The Red and Blue Chialade popsicle from Sea Salt Healthy Kitchen.

The Fourth of July is Saturday, and what better way to celebrate the holiday than with a couple of cold popsicles?

Instead of heading to the store to purchase these icy treats, why not try making homemade ones?

Sea Salt Healthy Kitchen on St. Simons Island has homemade all-natural organic popsicles incorporating different flavors and textures.
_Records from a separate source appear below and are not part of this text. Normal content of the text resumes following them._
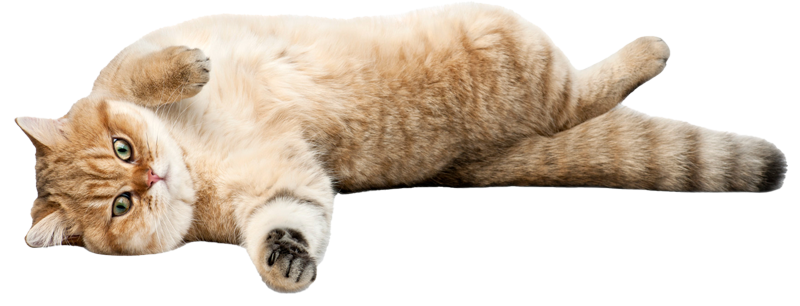 Coningsby Cat Care Coningsby Cat Care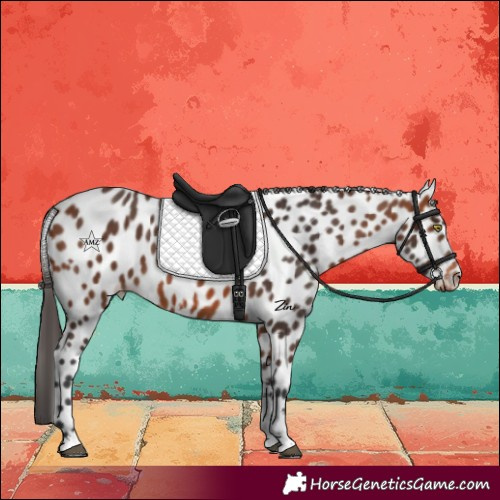 Horse Color:Bay Sabino Appaloosa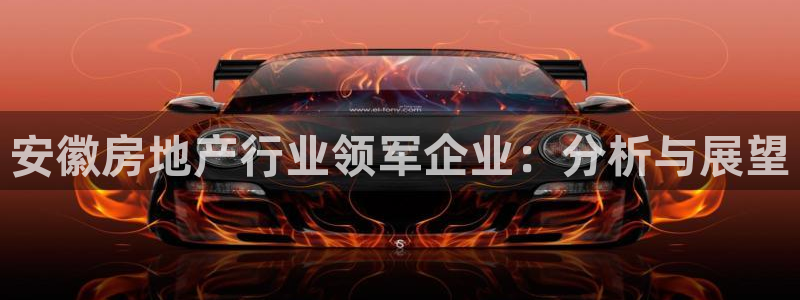 永利网会员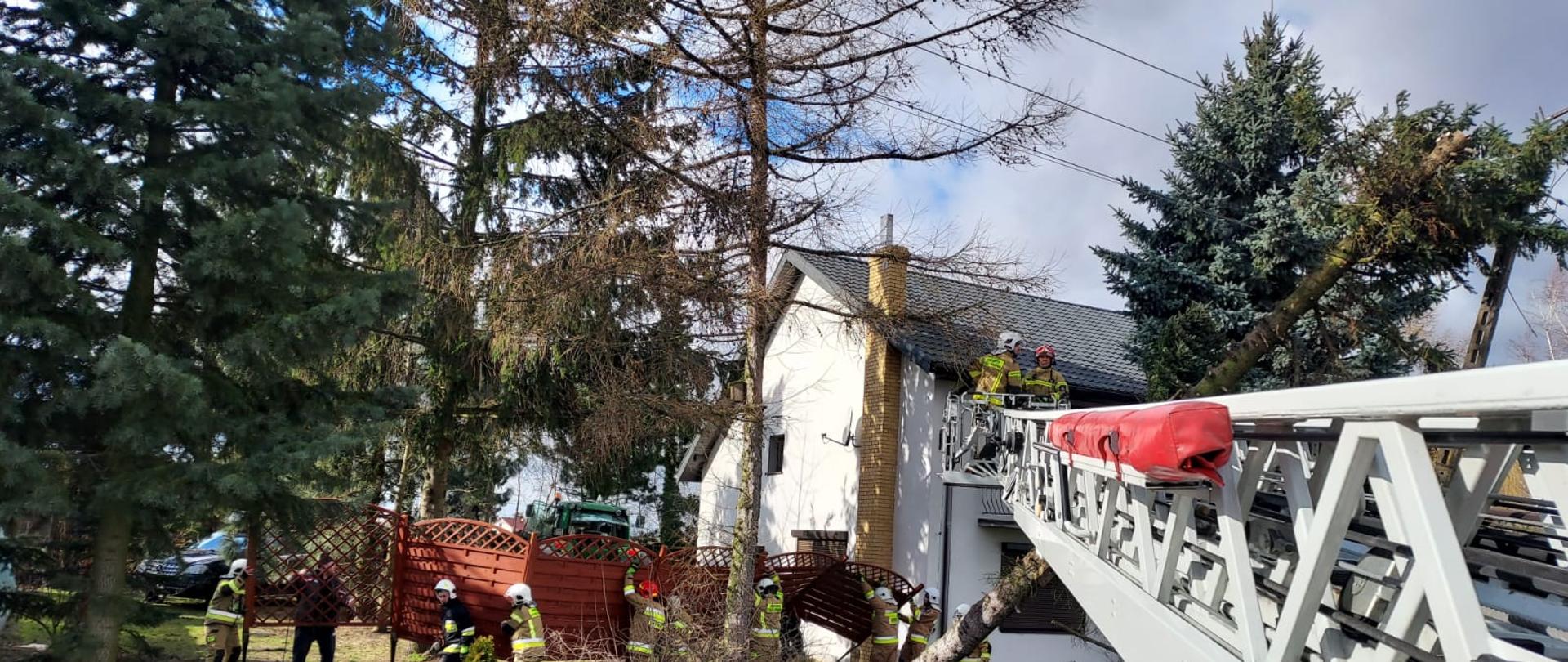 Na zdjęciu widać dom jednorodzinny przy którym pochyliło się drzewo na skutek silnego wiatru. Po prawej stronie domu strażacy przenoszą drewniany parawan, który przeszkadza w działaniach. Przy pochylonym drzewie rozłożona jest strażacka drabina mechaniczna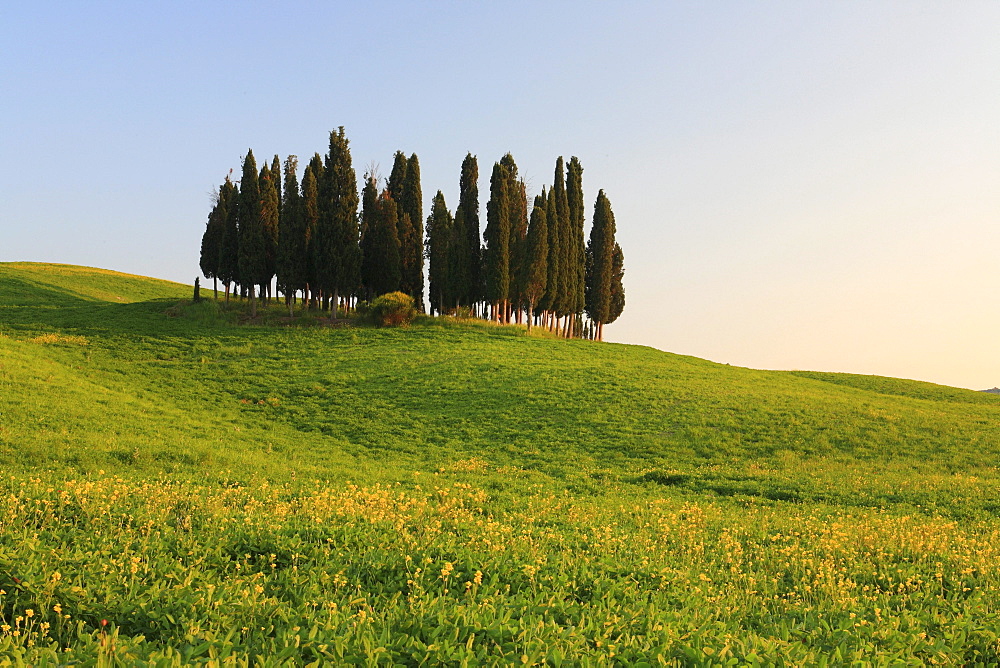 Cypress, italian cypress, cupressus sempervirens, rape, hill countryside, agricultural landscape, tuscany. italy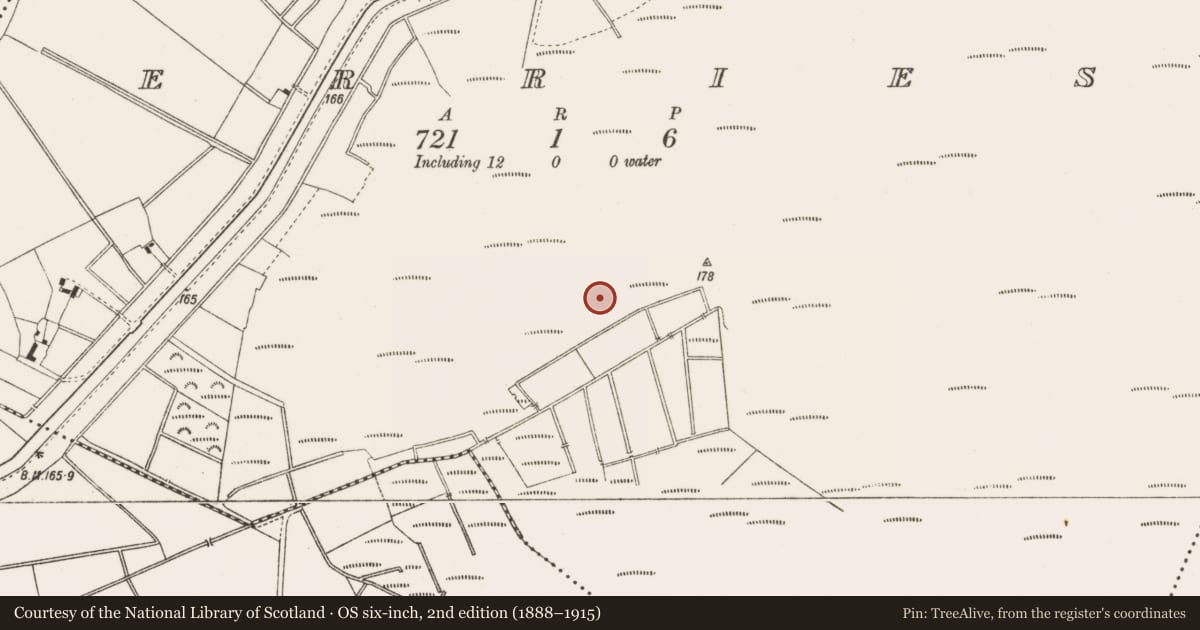 Ordnance Survey six-inch map, 2nd edition (1888–1915) covering the location of Road - class 3 togher, Derries, County Offaly, with a pin at the register's coordinates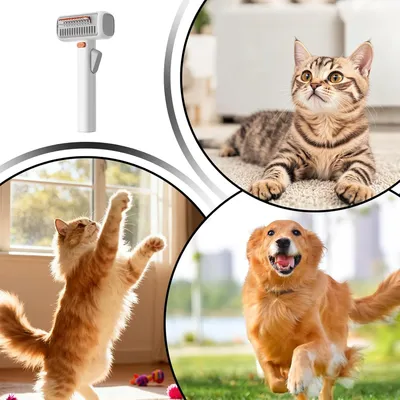 HausPets Brosse autonettoyante tous poils int/ext HausPets Brosse autonettoyante tous poils int/ext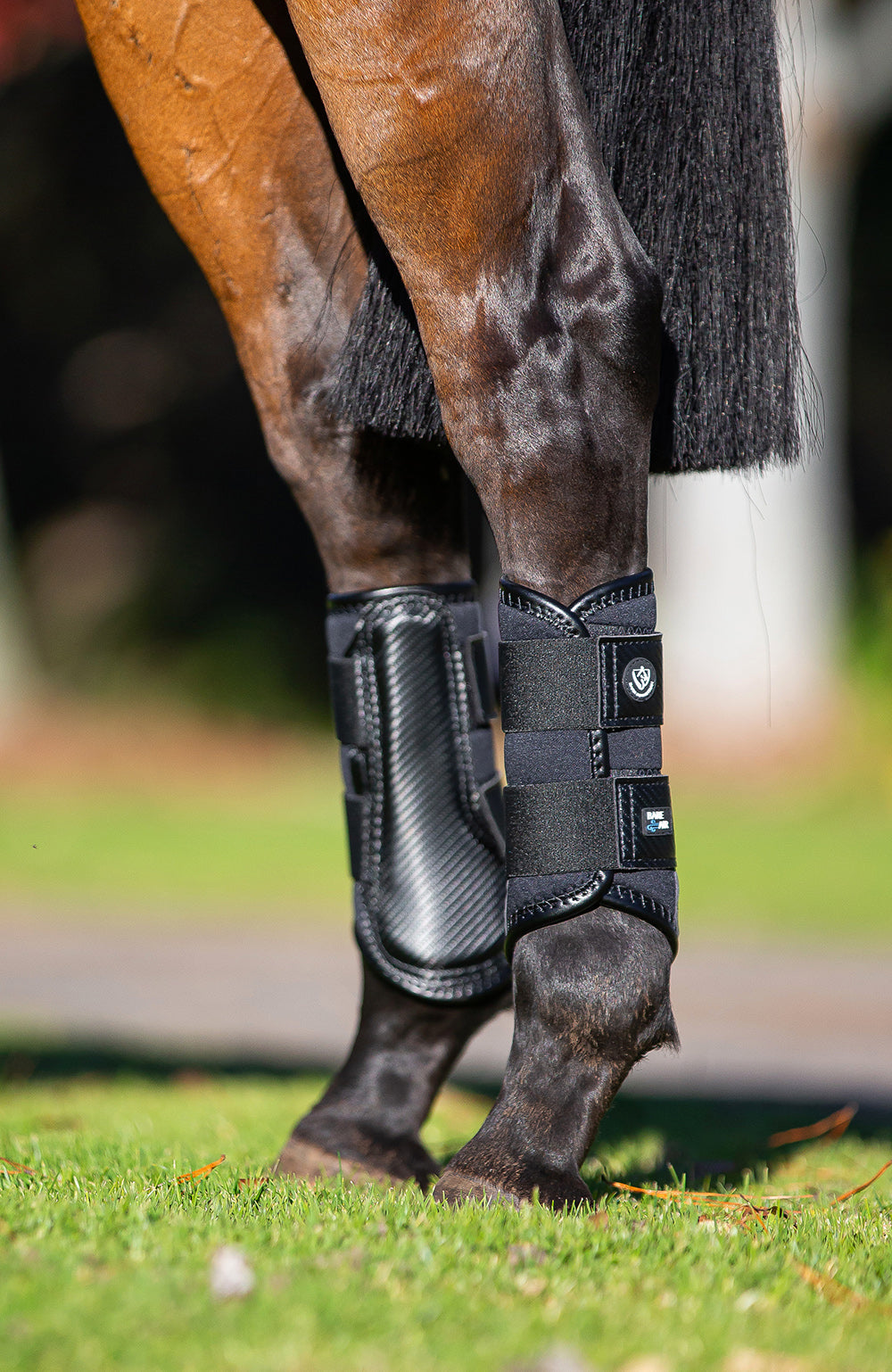 BARE Equestrian Horse Wear AIRFLOW Carbon Brushing Boots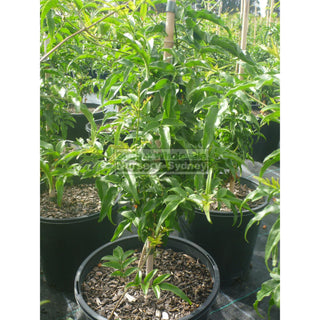 Pink Jasmine 200Mm Pot Jasminum Polyanthum Plants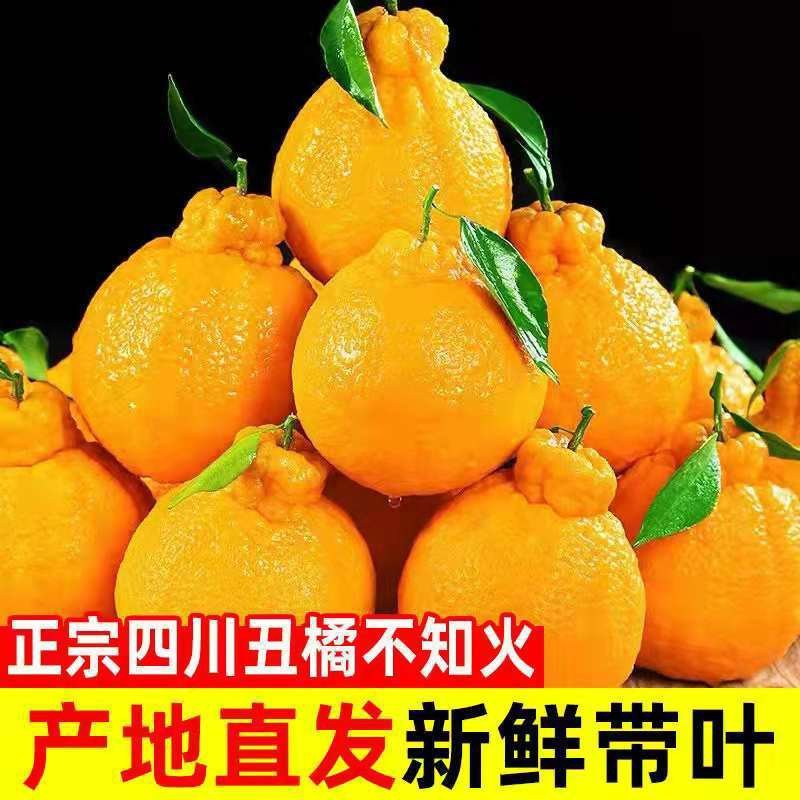 四川丑橘.不知火/一件代发/产地直供/包邮到家/电商微商
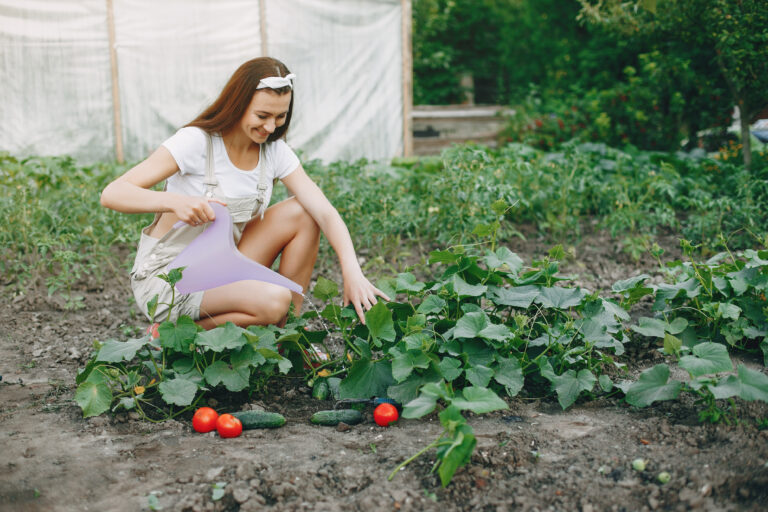 How to Use Baking Soda and Vinegar for Plants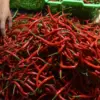 Harga Cabai Rawit Meroket, Picu Inflasi Akhir Tahun?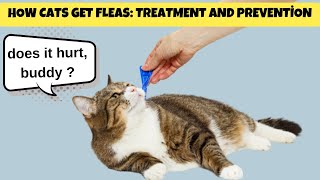 How cats get fleas Treatment and Prevention  Cats Knowhow [upl. by Yrtnej]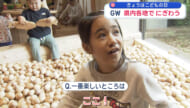 ＧＷ各地の様子　～こどもの日～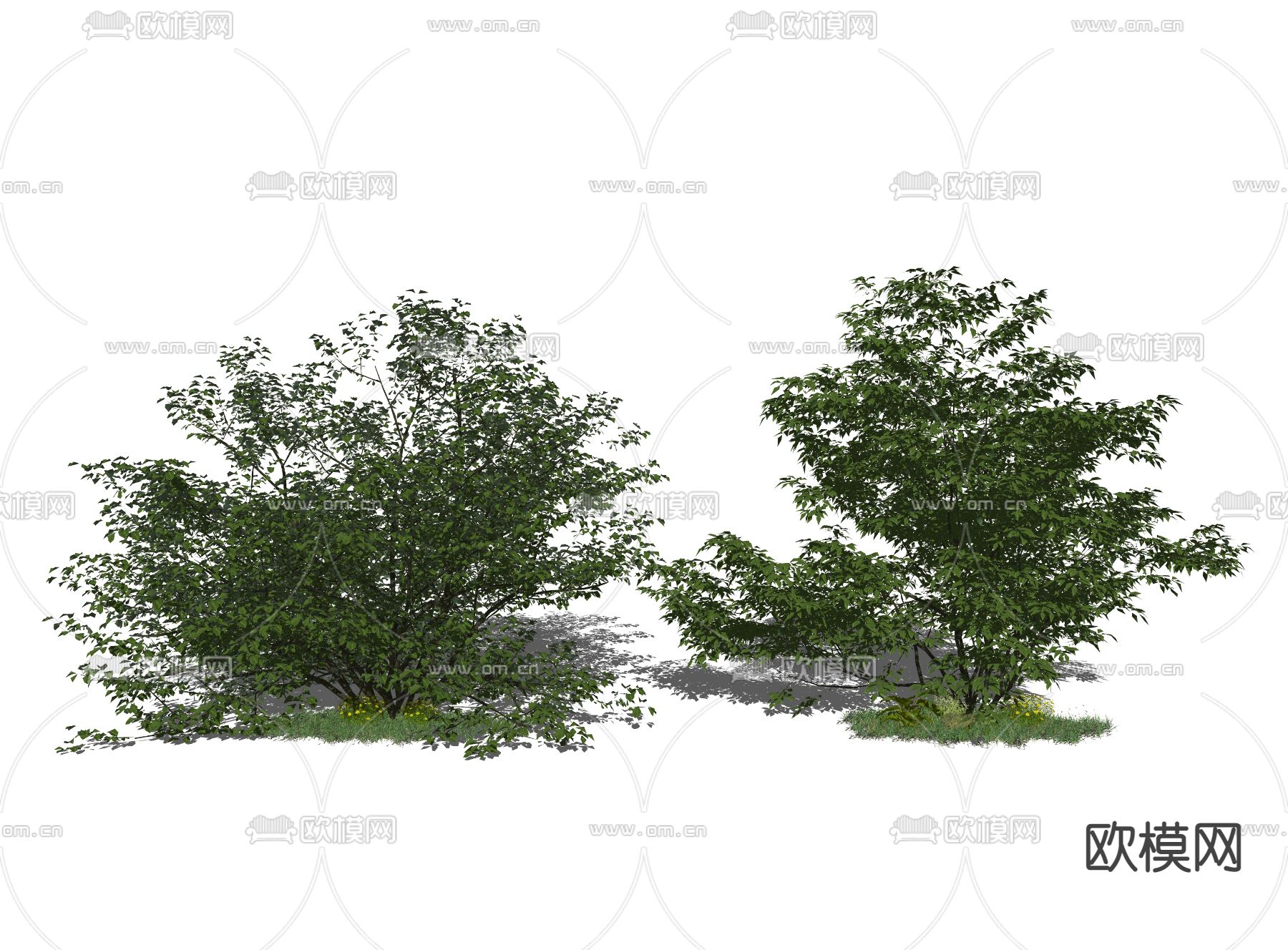 现代灌木矮树su模型下载（渲染图2）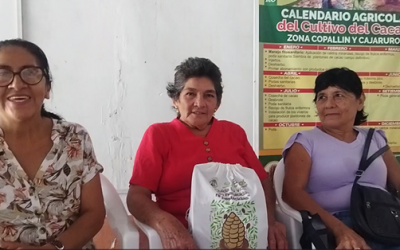 Conoce a Delicia, María y Natividad, 3 mujeres productoras de Cacao socias en la cooperativa CEPROAA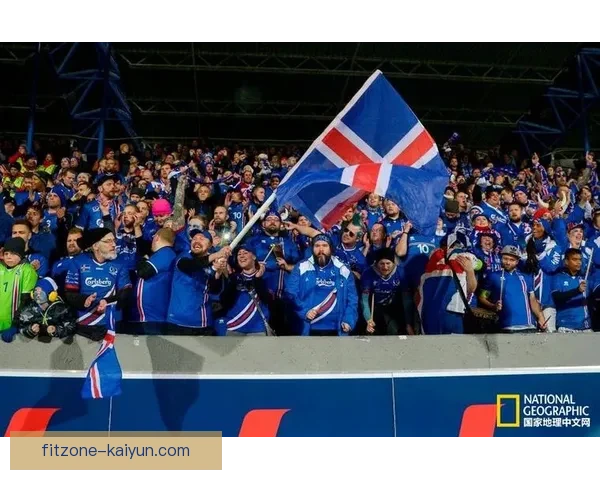 2018世界杯冰岛表现回顾：球队竞争力增强与表现稳健分析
Recently, they came up with their own Fourth of July popsicle, that anyone can make.

Co-owner and executive chef of Sea Salt Healthy Kitchen, Alan Ramirez, said they’re big on using local farms around Brunswick and surrounding places for their products.

“We’re serving the freshest food around,” Ramirez said. “We’re working with fresh local products where we get as much as possible as we can for local and organic as we can.”

When it comes to their popsicles, they choose their flavors based on what produce they receive.

“We get creative with whatever we have. If one of the farms tells me, ‘hey, I have watermelon, we do watermelon popsicles,” Ramirez said. “Somebody brought some fresh lemons from Florida, so we made lemonade this week. It just depends on whatever we have available. We don’t have like a flavor profile or anything. We get creative with what we have.”

At Sea Salt Healthy Kitchen, they don’t use any preservatives or artificial coloring. Everything comes from the fruit itself. It’s all-natural.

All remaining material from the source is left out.